Following the president’s speech, the Suffolk County police, and other police officials quickly distanced themselves from Trump’s comments, saying they don’t accept that treatment of people in custody.
“The SCPD has strict rules and procedures relating to the handling of prisoners. Violations of those rules are treated extremely seriously, as a department, we do not and will not tolerate roughing up of customers” they tweeted out.
The SCPD has strict rules & procedures relating to the handling of prisoners. Violations of those rules are treated extremely seriously.— Suffolk County PD (@SCPDHq) July 28, 2017
Police chief of Gainsville, Florida, Ben Tobias, also tweeted his disagreement, “I’m a cop. I do not agree with or condone @POTUS remarks today on police brutality. Those that applauded and cheered should be ashamed.”
I'm a cop.— Ben Tobias (@GPDBenTobias) July 28, 2017
I do not agree with or condone @POTUS remarks today on police brutality.
Those that applauded and cheered should be ashamed.
The International Association of Chiefs of Police on Police Use of Force sent out a statement regarding Trump’s comments, as well. “Managing use of force is one of the most difficult challenges faced by law enforcement agencies. The ability of law enforcement officers to enforce the law, protect the public, and guard their own safety, the safety of innocent bystanders, and even those suspected or apprehended for criminal activity is very challenging. For these reasons, law enforcement agencies develop policies and procedures, as well as conduct extensive training, to ensure that any use of force is carefully applied and objectively reasonable considering the situation confronted by the officers.

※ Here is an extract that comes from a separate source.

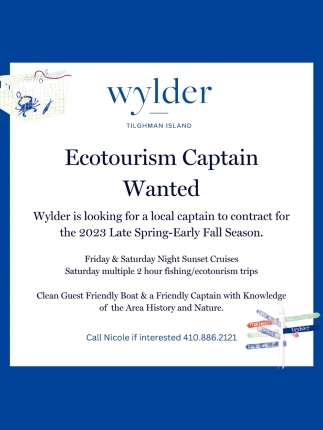 Ecotourism Captain Wanted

Law enforcement officers are trained to treat all individuals, whether they are a complainant, suspect, or defendant, with dignity and respect. This is the bedrock principle behind the concepts of procedural justice and police legitimacy.”

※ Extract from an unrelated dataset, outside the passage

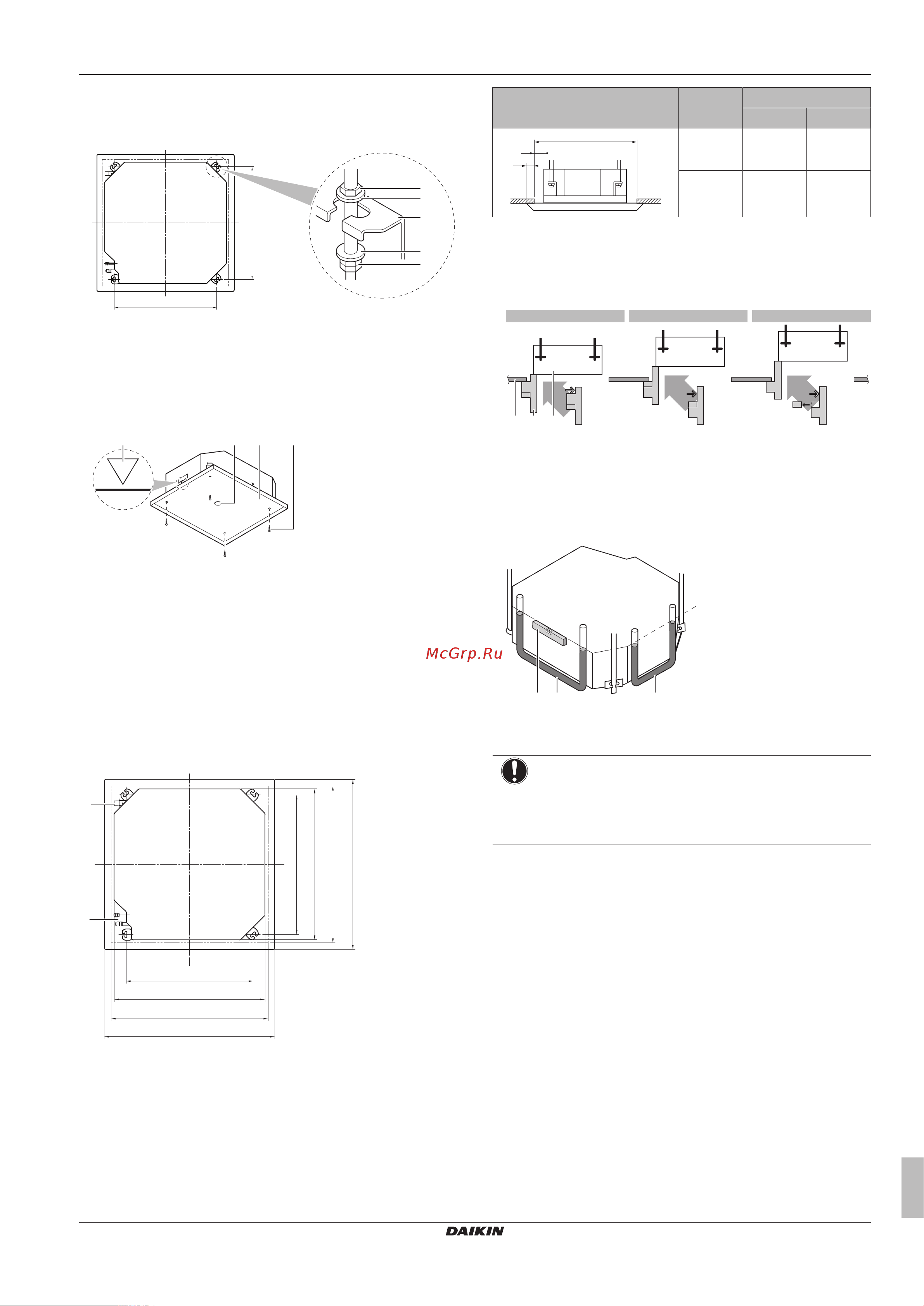 Daikin FCAHG140FVEB [11/36] Installation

The Deputy Commissioner of Public information also sent out a statement Saturday afternoon saying, “The NYPD's training and policies relating to the use of force only allow for measures that are reasonable and necessary under any circumstances, including the arrest and transportation of prisoners. To suggest that police officers apply any standard in the use of force other than what is reasonable and necessary is irresponsible, unprofessional and sends the wrong message to law enforcement as well as the public.”